Thursday, 10:30pm – Hurricane Otto is within minutes of making landfall, bearing down on the Caribbean coast of Nicaragua a few km/h shy of a Category 3 hurricane.
The National Hurricane Center in Miami reports the Category 2 Hurricane Otto with sustained wind speeds of 175 km/h (178 to make it a category 3).

The government has ordered evacuations along parts of their Caribbean coasts, most notably the Caribbean coastal city of Bluefields, a city of 45,000 inhabitants, closed schools and mobilised emergency crews.

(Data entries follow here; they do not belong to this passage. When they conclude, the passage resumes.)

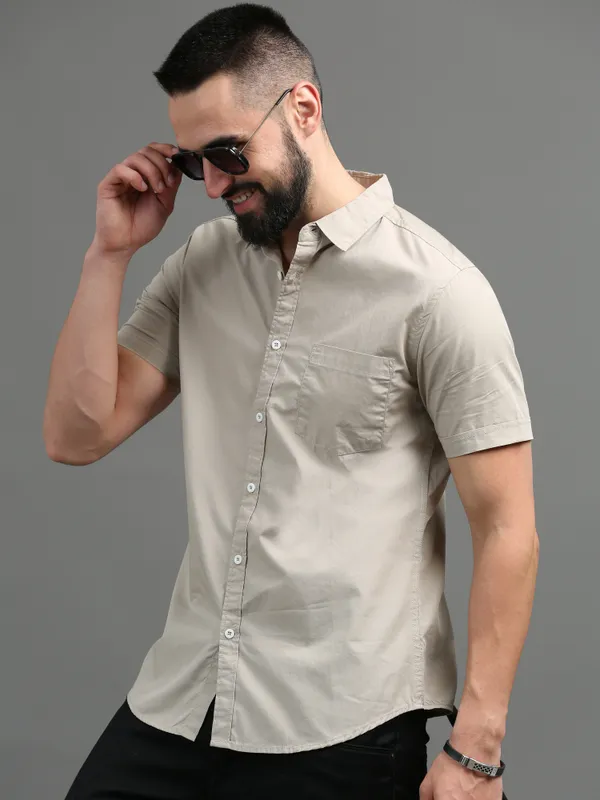 Khaki_Color_Premium_Mens_Cotton_Poplin_Plain_Shirt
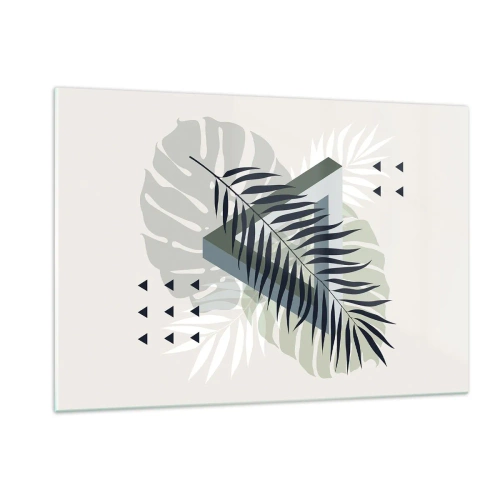 Cuadro sobre vidrio - Impresiones sobre Vidrio - Una moderna composición geométrica de hojas. - 120x80cm - Naturaleza y geometría - Decoración de pared moderna para salón y dormitorio ARTTOR
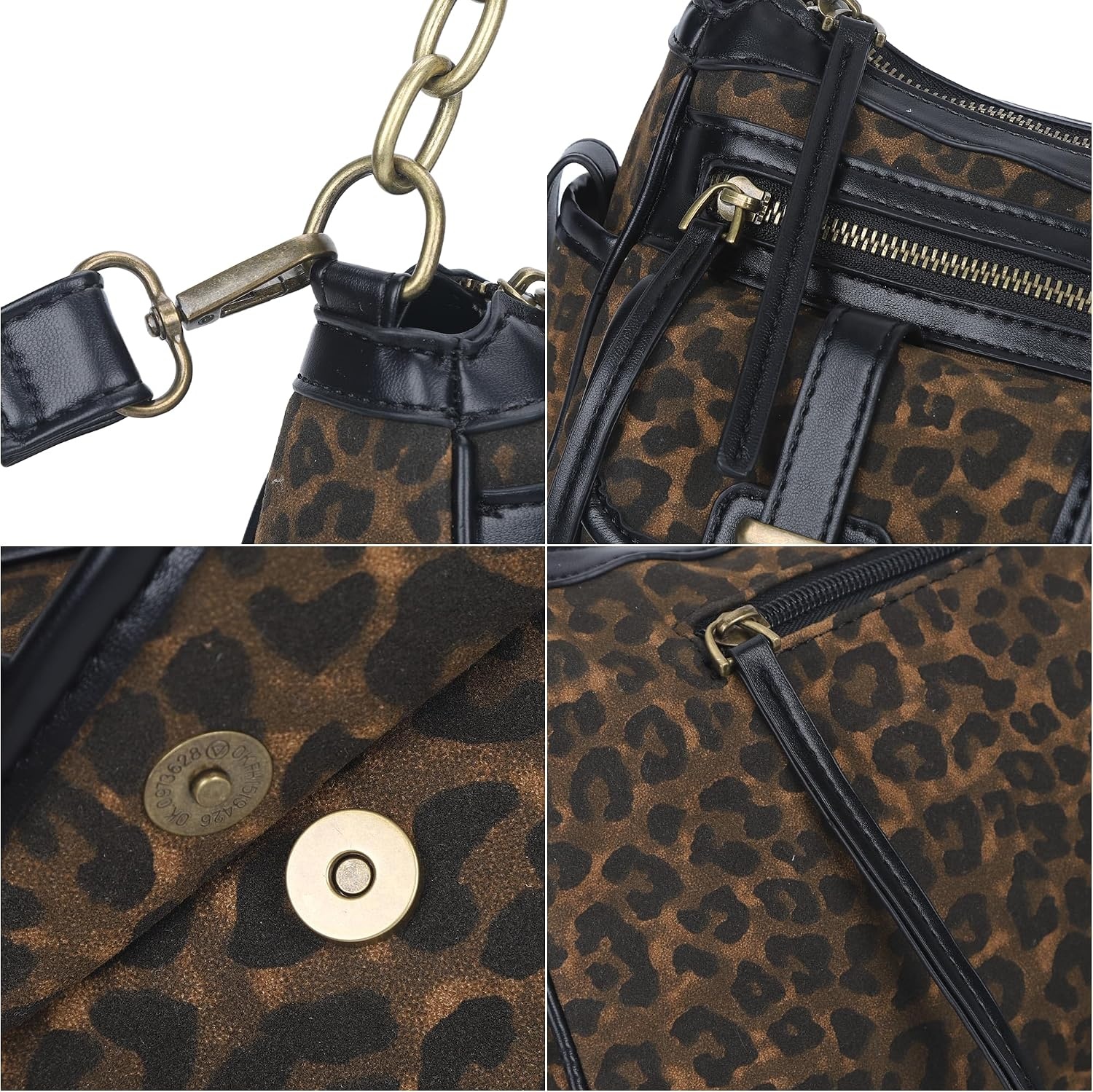 image:imageAngel Kiss Hobo Purses for Women Crossbody Shoulder Bag Ladies Multi Pocket Handbags with Adjustable Shoulder Strap Soft Vegan LeatherLeopard Coffee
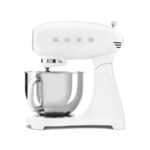 Smeg SMF03WHEU Küchenmaschine – 800 W, 4,8 l Edelstahlschüssel, 10 Geschwindigkeiten, Retro-Design Weiß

Otto was projected to slowly pass along the Nicaragua-Costa Rica border, a mostly rural path that would miss the two countries’ populated areas, but at the last-minute it turned slightly north, south of Bluefields who was hit by category 2 Joan in 1988.
Some Nicaraguans near the southern border were crossing into Costa Rica, hoping it would be safer there, according to locals.
Otto has already proved deadly in Panama, where its outer band of rains and wind caused a mudslide that killed four people on Tuesday. This morning the rains are still affecting the “canalero” (canal) country.
Otto is a rare, late-appearing hurricane in the Atlantic storm season, which runs from June to the end of November.
It is also on an unusually southern trajectory.
A previous, far-stronger hurricane, Matthew, devastated parts of southern Haiti early last month, killing 546 people and leaving nearly 175,000 homeless.